The much-vaunted sleep tracking didn’t materialize, which makes sense when the battery life hasn’t improved, but you’ll obviously be able to track the full range of fitness options (from running to swimming to yoga) from the watch – as well as track your output on gym equipment like steppers or treadmills.
Beyond that we’re going to need to test out the fitness prowess of the Apple Watch 5 in the real world – even an improved GPS is hard to assess, as the Watch has never let you know when it’s locked onto a satellite, leaving you to just hope that it roughly knows where it is.
Apple Watch Series 5 battery life
Apple, once again, hasn’t increased the battery life of its Watch series, sticking with the same 18-hour life that it’s promised (and over-delivered on) since the inception of the range.
How this translates into real-world use, with an improved processor inside to help make things more efficient, remains to be seen – but we’re looking forward to seeing if it can match the burgeoning battery life of the likes of the Samsung Galaxy Watch Active 2 and friends.
The key change here is that always-on display – for Apple to increase the amount of time the display can stay on without needing to drop the battery life is something we didn’t expect, although it will be interesting to test whether the day-and-a-half battery life we get with the Apple Watch 4 remains.

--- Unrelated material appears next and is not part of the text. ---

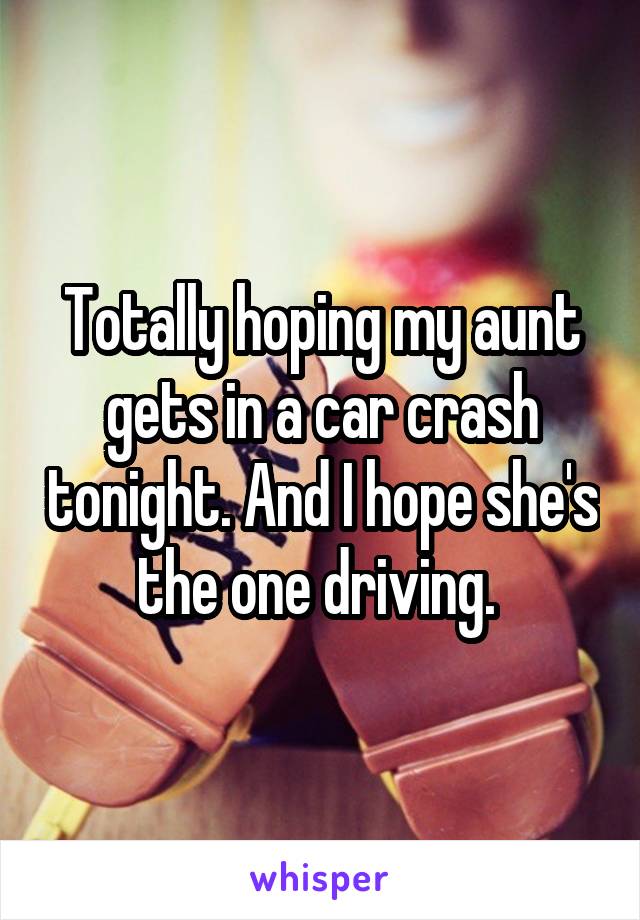 Totally hoping my aunt gets in a car crash tonight. And I hope she's the one driving.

If you were excited for an all-new Apple Watch, you can open up the box marked ‘2020’ and slide that enthusiasm in there, before storing it dustily under the bed for another 12 months.
For the Apple Watch 5 is merely iterative, a minor upgrade on the Watch 4 in so many ways. The one key improvement is to the always-on display, which is something we didn’t expect to see this year and really does deliver.
But anyone hoping for something more dramatic and new this year will be disappointed. This is effectively the Apple Watch 4S with a new screen, something a little different to last year’s model.
That’s not to say it’s a bad watch at all – any improvements are always welcome – but one suspects there’s more that Apple can do – and arguably needs to do – if it’s to continue as one of the frontrunners in the smartwatch stakes.